2. **Robustness of the `cities` Test Set:** The `cities` test set maintains near-perfect performance (AUROC ≈ 1.00) across all training conditions in both projection settings. It is the only test set unaffected by the projection.
3. **Impact on Negated Data:** The `neg_cities` test set shows extreme sensitivity. Without projection, training on `cities` alone yields a moderate 0.80, which improves to 1.00 with additional data. With projection, training on `cities` alone collapses to 0.14 (worse than random), but recovers to 1.00 when `neg_cities` is included in the training set.
4. **Generalization to "facts":** Performance on the `facts` and `neg_facts` test sets is generally high without projection but suffers severely with projection, especially when the training set is limited to `cities` or `+ neg_cities`. Including conjunctive/disjunctive data (`+ cities_conj`, `+ cities_disj`) provides partial recovery.
5. **Conjunctive/Disjunctive Test Sets:** The `facts_conj` and `facts_disj` test sets show a similar pattern: poor performance with projection when trained on basic sets, but significant recovery (AUROC > 0.75) when the training set includes the corresponding conjunctive or disjunctive data (`+ cities_conj` or `+ cities_disj`).
### Interpretation
This chart investigates the role of specific model components or directions, denoted as `t_G` and `t_P`, in generalization. The "projection out" operation likely removes the influence of these components from the model's representations.
* **Core Finding:** The components `t_G` and `t_P` appear to be **critical for generalization** beyond the specific `cities` task. Their removal (right heatmap) causes performance to plummet on all test sets except the in-distribution `cities` set. This suggests these components encode broad, transferable knowledge.
* **Task-Specific vs. General Knowledge:** The model's perfect performance on `cities` even after projection indicates that knowledge specific to that task is stored in other components. The catastrophic failure on `neg_cities` (when trained only on `cities`) after projection implies that understanding negation relies heavily on these general components (`t_G`, `t_P`).

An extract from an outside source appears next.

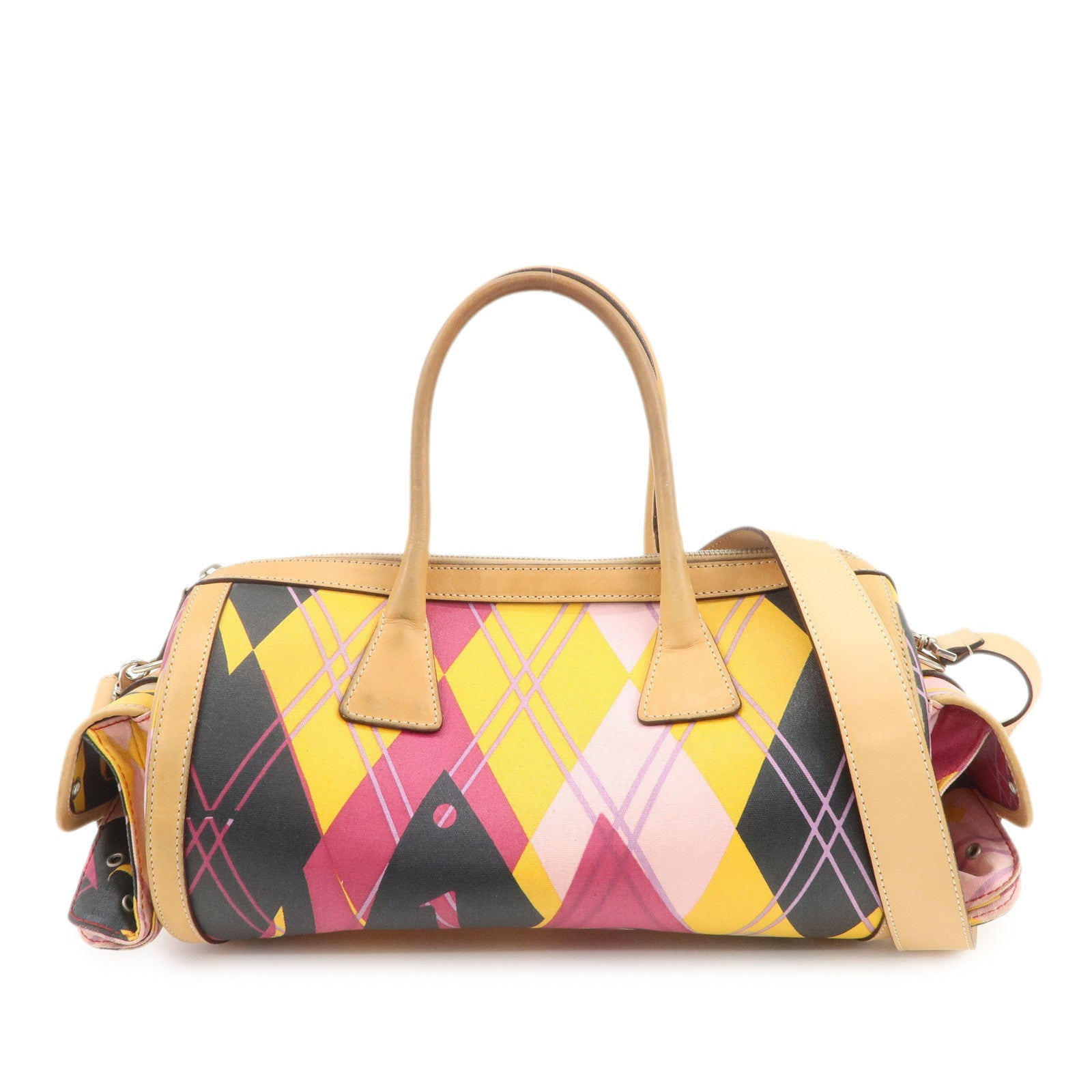 Christian Dior PVC Leather 2Way Bag Boston Bag Yellow Pink Brown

* **Data Efficiency and Compositionality:** Including negated or compositional data (`+ neg_cities`, `+ cities_conj`, etc.) in training can compensate for the loss of `t_G` and `t_P` to a significant degree. This demonstrates that the model can learn these reasoning skills directly from data, but under normal conditions (left heatmap), it preferentially uses the more efficient, general-purpose `t_G` and `t_P` components.

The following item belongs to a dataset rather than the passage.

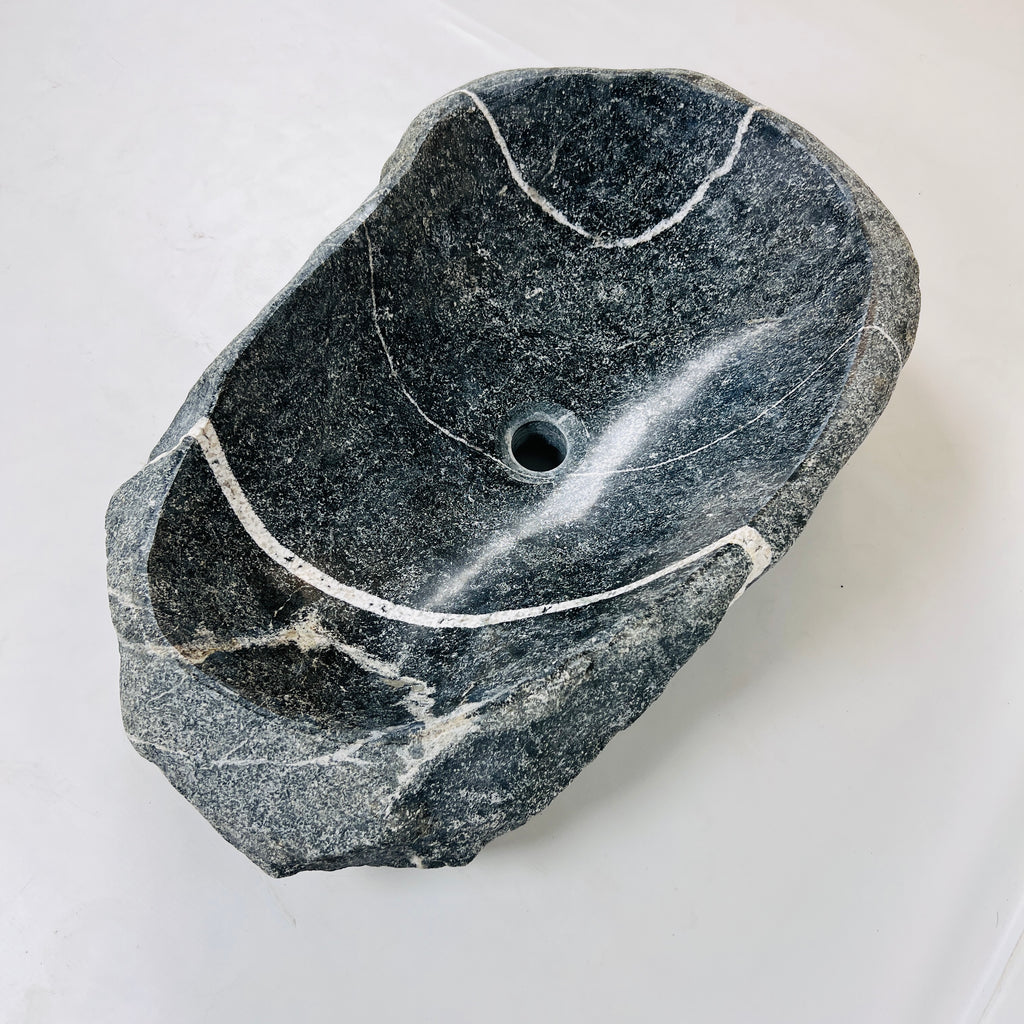 White Ringed River Stone Sink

* **Peircean Investigation:** The chart acts as a diagnostic tool. By systematically removing components (`t_G`, `t_P`) and testing on varied logical forms (negation, conjunction, disjunction), the researchers can ablate and identify which parts of the model are responsible for which reasoning capabilities. The stark contrast between the two heatmaps provides strong evidence that `t_G` and `t_P` are not merely task-specific features but are fundamental to the model's ability to generalize its understanding.